UPDATE: Hillary Clinton has just declared that she has made no decision about whether to remain in the race. She said that, in the coming days, she will consider what course to take. In doing so she will consult with party leaders. She also encouraged her supporters to visit her website and weigh in. One can imagine that the advice she receives won’t come exclusively from her supporters.
The decision may not be an easy one. The party leaders presumably will advise her to quit the race, and that appeal may resonate. Yet, it’s not clear that bowing out now is in her interests. Staying in the campaign will not be very expensive now that the priimaries are over. And Obama may be one or two damaging YouTubes away from becoming borderline unviable. Nor is the risk of further alienating her party an overwhelming concern. Clinton probably can undo whatever further damage staying in the race will cause by graciously bowing out in a month and then hitting the campaign trail big-time for Obama, if that’s her pleasure.

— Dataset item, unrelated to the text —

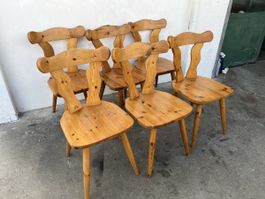 6 Vintage Stabellen Holzstühle Bauernstühle Chalet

Meanwhile, it’s her pleasure to hang in for at least a little while and to leave them guessing.
JOHN adds: Rumor has it–again, as far as I know it is only a rumor–that the Michelle Obama “whitey” tape may be made public tomorrow. I have no idea whether such a tape exists, and it may be that Hillary doesn’t, either. But it’s easy to understand why she thinks it’s still possible that superdelegates may change their minds.
PAUL adds: Of the three speeches given by the candidates tonight, I thought Clinton’s easily was the best. And, sad to say, I thought McCain’s was the worst, at least in terms of delivery, “production values,” and probably overall impact. In terms of substance, McCain is making progress, but the other stuff can’t be ignored.
I’ve argued that, for McCain, less splash can be more, and he certainly doesn’t want to try and match Obama in the flash department. But neither does he want to come across as canned or listless.
McCain is excellent in a conversational mode and decent in full speech mode. Tonight he seemed to be somewhere in between, and at times it wasn’t pretty.